All environment setup and package installation (Conda, Mamba, OpenMM, analysis libraries) should be performed in the Colab Terminal, not notebook cells.

2. One-Command Colab Bootstrap (Recommended)

In the Colab Terminal, run:

cd /content
curl -fsSL https://raw.githubusercontent.com/paulshamrat/ColabMDA/main/scripts/bootstrap_colab_openmm_gpu.sh -o bootstrap_colab_openmm_gpu.sh
bash bootstrap_colab_openmm_gpu.sh latest

Install OpenMM + Modeller in one flow (with MODELLER license prompt):

cd /content
curl -fsSL https://raw.githubusercontent.com/paulshamrat/ColabMDA/main/scripts/bootstrap_colab_openmm_gpu.sh -o bootstrap_colab_openmm_gpu.sh
WITH_MODELLER=1 bash bootstrap_colab_openmm_gpu.sh latest

This will:

  • install Miniforge (if missing)
  • install OpenMM + analysis stack in conda base (legacy-compatible path)
  • optionally install MODELLER in modeller_env when WITH_MODELLER=1
  • install colabmda from GitHub Release wheel (no full repo clone)
  • when WITH_MODELLER=1, install colabmda into both base and modeller_env
  • validate GPU/OpenMM platforms and CLI
  • create /content/work and /content/drive/MyDrive/openmm

3. Installation on Terminal (Manual Alternative)

In the Colab Terminal (⋮ → Terminal), run each step one at a time:

## 00 installation
# Step 1: Download & install Miniforge (Conda)
wget -q https://github.com/conda-forge/miniforge/releases/latest/download/Miniforge3-Linux-x86_64.sh -O /tmp/miniforge.sh && \
  bash /tmp/miniforge.sh -b -p "$HOME/miniforge3"

# Step 2: Initialize Conda in this shell
export PATH="$HOME/miniforge3/bin:$PATH" && source "$HOME/miniforge3/etc/profile.d/conda.sh"

# Step 3: Install Mamba into the base environment
conda install -y -n base -c conda-forge mamba

# Step 4: Install CUDA-enabled OpenMM and OpenMMTools
mamba install -y -c conda-forge cudatoolkit=11.8 openmm openmmtools

# Step 5: Install PDBFixer (conda, fallback to pip)
conda install -y -c conda-forge pdbfixer || pip install pdbfixer

# Step 6: Install MDAnalysis, MDTraj, NumPy, Matplotlib, and Biopython
mamba install -y -c conda-forge mdanalysis mdtraj numpy matplotlib biopython

# Step 7: Verify installations
python3 - << 'EOF'
from openmm import Platform; print("OpenMM platforms:", [Platform.getPlatform(i).getName() for i in range(Platform.getNumPlatforms())])
import MDAnalysis, mdtraj, Bio; print("MDAnalysis:", MDAnalysis.__version__, "MDTraj:", mdtraj.__version__, "Biopython:", Bio.__version__)
EOF

4. Install ColabMDA (No Full Clone)

cd /content
curl -fsSL https://raw.githubusercontent.com/paulshamrat/ColabMDA/main/scripts/install_colabmda_release.sh -o install_colabmda_release.sh
bash install_colabmda_release.sh latest /content/colabmda

This installs from the latest GitHub Release wheel and avoids cloning the full repository.

Developer-only option (if you need source editing):

cd /content/drive/MyDrive/openmm
git clone https://github.com/paulshamrat/ColabMDA.git
cd ColabMDA
pip install -e .

5. Modeller CPU Environment + License

cd /content/drive/MyDrive/openmm/ColabMDA
bash envs/install_modeller_env.sh

During installation, the script prompts for MODELLER license key (KEY_MODELLER).

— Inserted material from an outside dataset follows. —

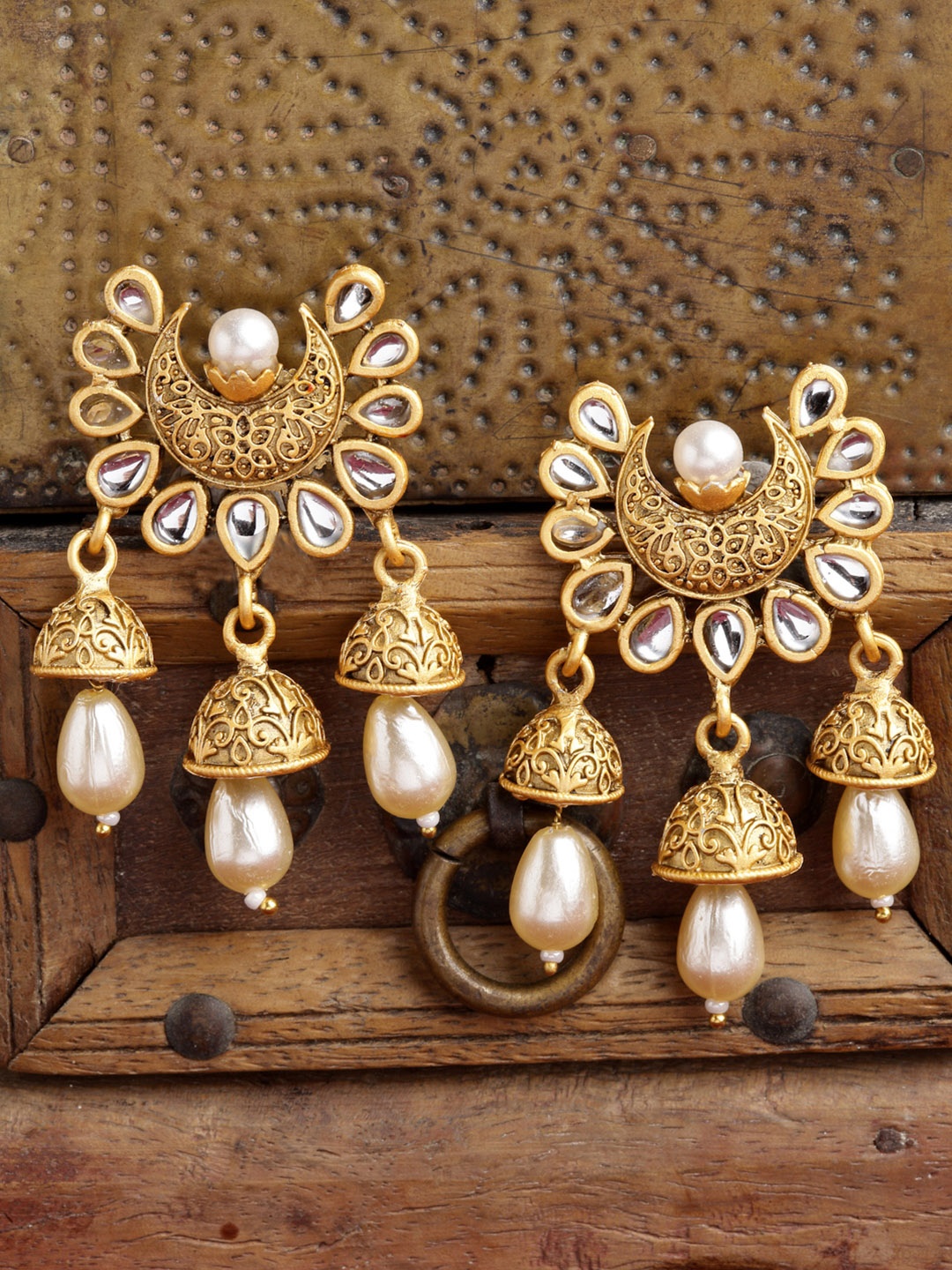 

PANASH Gold-Toned & Off White Crescent Shaped Jhumkas Earrings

Get your personal license key from the official MODELLER site: https://salilab.org/modeller/

The script persists the key for the conda environment/future shells and patches MODELLER config.py automatically.

Workflow Overview (WT First, Recommended)

Canonical protocol:

  1. Build WT and mutant structures in one place (structures/)
  2. Stage one selected structure into simulation folder (simulations/<name>)
  3. cd into that folder and run short commands (no long paths)
  4. Save per-system analysis in analysis/single/ and compare in analysis/compare/

Default project root: /content/drive/MyDrive/openmm

Folder Layout

/content/drive/MyDrive/openmm/
  structures/
    4ldj/
      wt/
      mutants/
  simulations/
    4ldj_wt/
    4ldj_G12C/
    4ldj_G12D/
  analysis/
    single/
    compare/

1. Build WT and Mutants in structures/

source "$HOME/miniforge3/etc/profile.d/conda.sh"
conda activate modeller_env
cd /content/drive/MyDrive/openmm

# WT
colabmda modeller build --pdb-id 4ldj --uniprot-id P01116 --chain A --range 1 169 --outdir structures/4ldj/wt

# Mutants from WT
colabmda modeller mutate --pdb-in structures/4ldj/wt/<wt_model>.pdb --chain A --mut G12C --outdir-mut structures/4ldj/mutants/4ldj_G12C
colabmda modeller mutate --pdb-in structures/4ldj/wt/<wt_model>.pdb --chain A --mut G12D --outdir-mut structures/4ldj/mutants/4ldj_G12D

2. Stage One Structure into simulations/<name>

conda activate base
cd /content/drive/MyDrive/openmm

# Stage WT
colabmda openmm stage --pdb-file structures/4ldj/wt/<wt_model>.pdb --name 4ldj_wt

# Stage one mutant
colabmda openmm stage --pdb-file structures/4ldj/mutants/4ldj_G12C/4ldj_G12C.pdb --name 4ldj_G12C

This creates:

  • /content/drive/MyDrive/openmm/simulations/4ldj_wt
  • /content/drive/MyDrive/openmm/simulations/4ldj_G12C

3. Run from Inside Simulation Folder (Short Commands)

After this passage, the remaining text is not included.